Inception Labs, a startup founded by professors from Stanford, UCLA, and Cornell – Stefano Ermon Aditya Grover and Volodymyr Kuleshov,has recently launched Mercury, a groundbreaking series of diffusion-based large language models(dLLMs) that marks a significant shift from the current autoregressive large language model. Mercury is 10 times faster than existing speed-optimized LLMs at the technology frontier, generating over 1000 tokens per second on NVIDIA H100 GPUs, a speed previously achievable only with specialized AI chips. The first commercial product of the Mercury series is Mercury Coder which showcased exceptional performance in code generation while maintaining quality across various benchmarks when compared to leading speed-optimized autoregressive models like GPT-4o Mini and Claude 3.5 Haiku.
Limitations of Traditional Autoregressive Models:
Current large language models are autoregressive as they generate text sequentially from left to right, one token at a time, and the generation of each token requires a neural network to evaluate billions of parameters, resulting in increased latency and computational costs especially when the model performs complex reasoning tasks. Traditional LLMs inherently employ sequential process, which decreases the model’s speed and efficiency.
Mercury’s Diffusion-Based Approach: Enhancing Speed and Efficiency:
Mercury, based on the diffusion large language model(dLLMs), implements a “coarse-to-fine” methodology for the generation process that starts with pure noise and iteratively refines the output through several denoising steps. The Diffusion models can simultaneously generate and modify large blocks of text rather than sequentially, enabling the model to reason more effectively and structure its responses, leading to fewer mistakes and hallucinations.

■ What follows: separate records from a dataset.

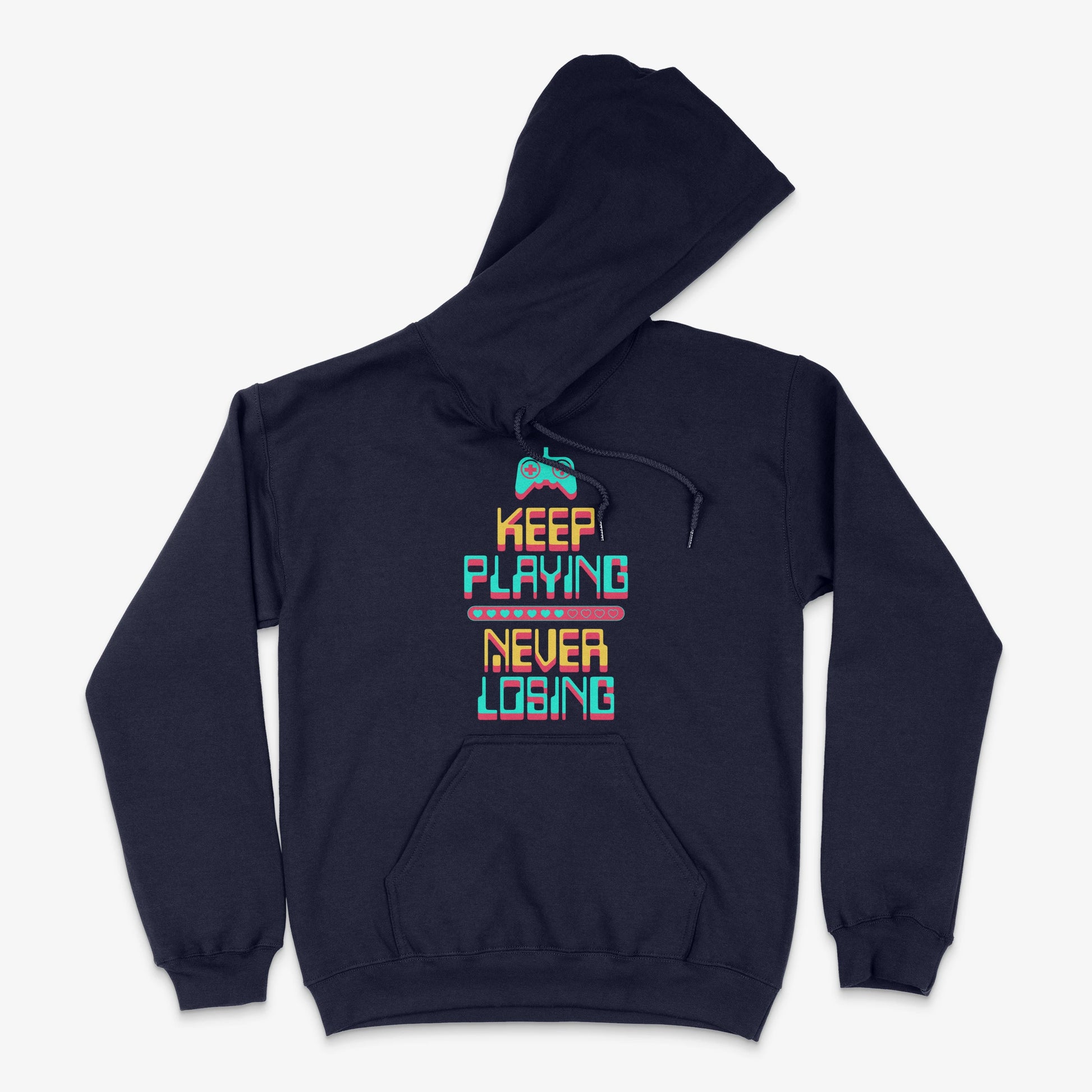 Gamer Hoodie - Keep Playing Never Losing Hoodie in Farbe marine  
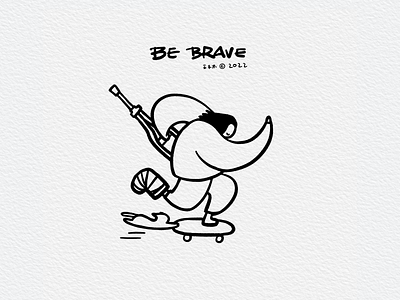 202✌️ Be Brave 2022 brave cat crutch fracture hurt injured leg limp line line drawing skateboard skateboarding skater wounded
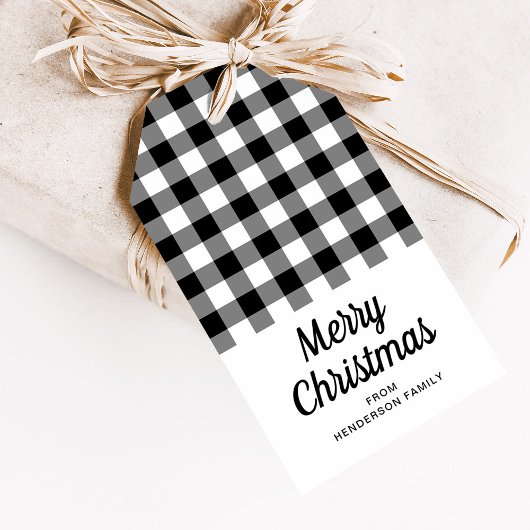Vrolijk kerstfeest zwart-wit cheques cadeaulabel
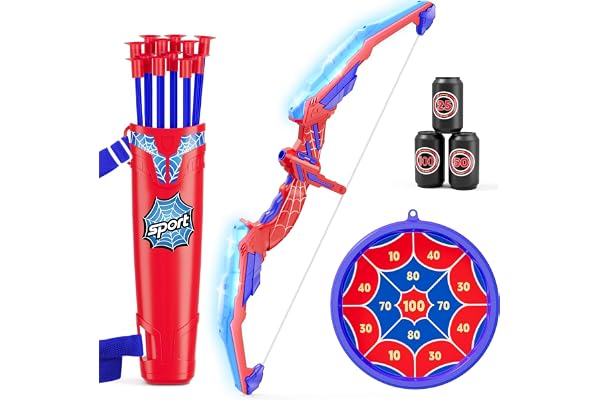 HYES Tir à l'arc Flèche et Arc pour Enfants, Kit de Arc et Flèche Jouet avec Lumières LED, Flèches à Ventouse, Cible, Flèches et Cibles de Score, Jouet d'Intérieur et d'Extérieur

So far, diffusion models have been used in video, image, and text generation. Sora, Midjourney, and Riffusion are prominent examples of diffusion model usage. However, the introduction of the Mercury coder represents a significant breakthrough in the successful application of diffusion models in text or code generation. Mercury Coder, specially designed for code generation, while maintaining its performance, is 10x faster than existing speed-optimized LLM applications.
Performance Benchmarks:
Speed Advantage:
     Mercury Coder operates at over 1,000 tokens per second on standard NVIDIA H100 GPUs, achieving a 5x speed increase as compared to current autoregressive models which, even when optimized for speed, typically process up to 200 tokens per second. In contrast to some leading models that run at less than 50 tokens per second, Mercury Coder offers more than a 20x speed improvement.
Hardware Independence:
The high throughput of dLLMs was previously attainable only with specialized hardware like Groq, Cerebras, and SambaNova. However, Mercury Coder’s algorithmic enhancements are not reliant on hardware acceleration, which implies that these speed gains can further benefit from faster chips.
Developer Preference:
Developers prefer Mercury’s code completions over other existing code models. In the “Copilot Arena” benchmark, Mercury Coder Mini achieved a tie for second place, outperforming speed-optimized models such as GPT-4o Mini and Gemini-1.5-Flash and larger models like GPT-4o. Additionally, the Mercury Coder Mini is approximately four times faster than the GPT-4o Mini.
Enterprise Applications :
Mercury, now available for testing in a playground hosted in partnership with Lambda Labs, is allowing developers to experience its speed and accuracy firsthand. Mercury Coder Mini and Mercury Coder Small are available via API or on-premise deployments. Inception Labs claims that both models are fully compatible with existing hardware, datasets, and supervised fine-tuning (SFT) and alignment (RLHF) pipelines. For enterprise customers, the company is offering support for model fine-tuning for both deployment options, enabling Mercury Coder to be adapted for various use cases. Mercury Coder, designed for conversational application is currently in closed beta testing. The company is actively testing its technology, with some customers already beginning to replace autoregressive models with Mercury.
- Future directions:
While Inception Labs has not publically disclosed its plans, it emphasizes its commitment to advancing AI technologies and delivering best-in-class models and solutions. They offer API access and support on-premise deployments for enterprise customers, indicating a focus on expanding Mercury’s applications and accessibility.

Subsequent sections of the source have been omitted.